-- Opening Marker --
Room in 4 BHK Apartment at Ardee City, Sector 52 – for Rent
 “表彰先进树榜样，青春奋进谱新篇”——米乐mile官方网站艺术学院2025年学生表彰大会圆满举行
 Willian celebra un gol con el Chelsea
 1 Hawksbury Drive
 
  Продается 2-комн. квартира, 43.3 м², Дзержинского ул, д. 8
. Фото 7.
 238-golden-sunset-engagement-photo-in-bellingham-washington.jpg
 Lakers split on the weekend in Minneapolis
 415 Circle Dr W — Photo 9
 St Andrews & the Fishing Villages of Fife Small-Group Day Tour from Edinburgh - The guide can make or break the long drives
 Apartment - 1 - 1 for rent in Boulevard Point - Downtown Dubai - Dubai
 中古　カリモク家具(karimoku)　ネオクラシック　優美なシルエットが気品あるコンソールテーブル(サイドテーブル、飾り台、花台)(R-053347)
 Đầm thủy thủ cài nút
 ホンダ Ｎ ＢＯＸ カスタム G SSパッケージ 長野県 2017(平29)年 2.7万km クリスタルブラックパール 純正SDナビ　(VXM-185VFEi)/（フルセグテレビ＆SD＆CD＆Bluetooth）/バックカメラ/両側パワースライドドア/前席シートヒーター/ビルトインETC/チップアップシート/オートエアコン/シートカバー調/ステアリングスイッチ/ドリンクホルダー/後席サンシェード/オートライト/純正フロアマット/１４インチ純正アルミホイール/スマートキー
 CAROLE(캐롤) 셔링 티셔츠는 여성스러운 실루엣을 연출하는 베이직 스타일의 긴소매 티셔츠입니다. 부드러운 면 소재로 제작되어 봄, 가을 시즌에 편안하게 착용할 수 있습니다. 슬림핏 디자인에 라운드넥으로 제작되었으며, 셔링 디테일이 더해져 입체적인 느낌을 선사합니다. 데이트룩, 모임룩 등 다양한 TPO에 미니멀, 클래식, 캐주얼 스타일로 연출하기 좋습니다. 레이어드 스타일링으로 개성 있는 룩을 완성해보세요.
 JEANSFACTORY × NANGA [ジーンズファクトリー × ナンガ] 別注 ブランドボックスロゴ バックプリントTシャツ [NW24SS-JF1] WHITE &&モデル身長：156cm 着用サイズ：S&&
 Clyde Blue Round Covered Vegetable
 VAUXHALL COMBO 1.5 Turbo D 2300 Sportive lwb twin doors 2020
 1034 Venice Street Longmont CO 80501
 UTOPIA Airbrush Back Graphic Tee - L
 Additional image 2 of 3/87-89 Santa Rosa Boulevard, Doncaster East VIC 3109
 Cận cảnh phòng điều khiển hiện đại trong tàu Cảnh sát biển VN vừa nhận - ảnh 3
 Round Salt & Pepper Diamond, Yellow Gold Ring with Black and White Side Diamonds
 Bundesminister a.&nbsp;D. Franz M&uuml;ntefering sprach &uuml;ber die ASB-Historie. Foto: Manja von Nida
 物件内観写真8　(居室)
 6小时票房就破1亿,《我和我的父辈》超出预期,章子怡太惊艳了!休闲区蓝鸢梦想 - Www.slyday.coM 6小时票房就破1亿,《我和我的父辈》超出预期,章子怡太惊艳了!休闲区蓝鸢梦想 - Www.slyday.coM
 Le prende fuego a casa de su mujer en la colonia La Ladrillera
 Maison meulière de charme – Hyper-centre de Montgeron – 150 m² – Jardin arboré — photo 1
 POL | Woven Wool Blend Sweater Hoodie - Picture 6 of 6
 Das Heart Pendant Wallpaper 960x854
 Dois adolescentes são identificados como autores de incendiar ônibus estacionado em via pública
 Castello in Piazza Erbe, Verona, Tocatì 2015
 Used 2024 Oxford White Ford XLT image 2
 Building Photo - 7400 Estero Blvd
-- Closing Marker --
* REQUIREMENT *
Exactly as written, repeat each line from the beginning of the data above to the line containing "Apartment - 1", inclusive.

* YOUR SOLUTION *
Room in 4 BHK Apartment at Ardee City, Sector 52 – for Rent
 “表彰先进树榜样，青春奋进谱新篇”——米乐mile官方网站艺术学院2025年学生表彰大会圆满举行
 Willian celebra un gol con el Chelsea
 1 Hawksbury Drive
 
  Продается 2-комн. квартира, 43.3 м², Дзержинского ул, д. 8
. Фото 7.
 238-golden-sunset-engagement-photo-in-bellingham-washington.jpg
 Lakers split on the weekend in Minneapolis
 415 Circle Dr W — Photo 9
 St Andrews & the Fishing Villages of Fife Small-Group Day Tour from Edinburgh - The guide can make or break the long drives
 Apartment - 1 - 1 for rent in Boulevard Point - Downtown Dubai - Dubai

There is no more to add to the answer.